Table of Contents

  • 1  Introduction

    • 1.1  A simple transform

    • 1.2  Power spectrum of turbulent vertical velocity

    • 1.3  power spectrum layout

      • 1.3.1  Confirm that the fft at negative f is the complex conjugate of the fft at positive f

    • 1.4  Windowing

    • 1.5  Compare power spectra for wvel, theta, sensible heat flux

      • 1.5.1  start with wvel

    • 1.6  Filtering

[1]:
import numpy as np
import matplotlib.pyplot as plt
plt.style.use('ggplot')

Introduction

This lab introduces the use of the fast Fourier transform for estimation of the power spectral density and for simple filtering. If you need a refresher or are learning about fourier transforms for the first time, we recommend reading Newman Chapter 7. For a description of the Fast Fourier transform, see Stull Section 8.4 and Jake VanderPlas’s blog entry. Another good resources is Numerical Recipes Chapter 12 (user: green, password: house)

A simple transform

To get started assume that there is a pure tone – a cosine wave oscillating at a frequency of 1 Hz.
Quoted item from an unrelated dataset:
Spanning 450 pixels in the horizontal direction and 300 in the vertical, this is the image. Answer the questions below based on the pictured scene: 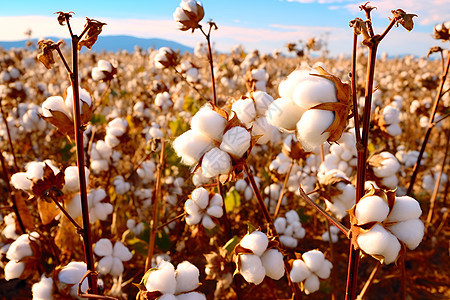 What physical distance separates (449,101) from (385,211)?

Next assume that we sample that 1 Hz wave at a sampling rate of 5 Hz i.e. 5 times a second

[2]:
%matplotlib inline
#
# create a cosine wave that oscilates 20 times in 20 seconds
# sampled at  Hz, so there are 20*5 = 100 measurements in 20 seconds
#
deltaT=0.2
ticks = np.arange(0,20,deltaT)
#
#20 cycles in 20 seconds, each cycle goes through 2*pi radians
#
onehz=np.cos(2.*np.pi*ticks)
fig,ax = plt.subplots(1,1,figsize=(8,6))
ax.plot(ticks,onehz)
ax.set_title('one hz wave sampled at 5 Hz')
out=ax.set_xlabel('time (seconds)')
../../_images/doc_notebooks_lab9_fftnotebook_3_0.png

Repeat, but for a 2 Hz wave

[3]:
deltaT=0.2
ticks = np.arange(0,20,deltaT)
#
#40 cycles in 20 seconds, each cycle goes through 2*pi radians
#
twohz=np.cos(2.*2.*np.pi*ticks)
fig,ax = plt.subplots(1,1,figsize=(8,6))
ax.plot(ticks,twohz)
ax.set_title('two hz wave sampled at 5 Hz')
out=ax.set_xlabel('time (seconds)')
../../_images/doc_notebooks_lab9_fftnotebook_5_0.png

Note the problem at 2 Hz, the 5 Hz sampling frequency is too coarse to hit the top of every other peak in the wave

[4]:
#now take the fft, we have 100 bins, so we alias at 50 bins, which is the nyquist frequency of 5 Hz/2. = 2.5 Hz
# so the fft frequency resolution is 20 bins/Hz, or 1 bin = 0.05 Hz
thefft=np.fft.fft(onehz)
real_coeffs=np.real(thefft)

fig,theAx=plt.subplots(1,1,figsize=(8,6))
theAx.plot(real_coeffs)
out=theAx.set_title('real fft of onehz')
../../_images/doc_notebooks_lab9_fftnotebook_7_0.png

The layout of the fft return value is describe in the scipy user manual. For reference, here is the Fourier transform calculated by numpy.fft:

\[y[k] = \sum_{n=0}^{N-1} x[n]\exp \left (- i 2 \pi k n /N \right )\]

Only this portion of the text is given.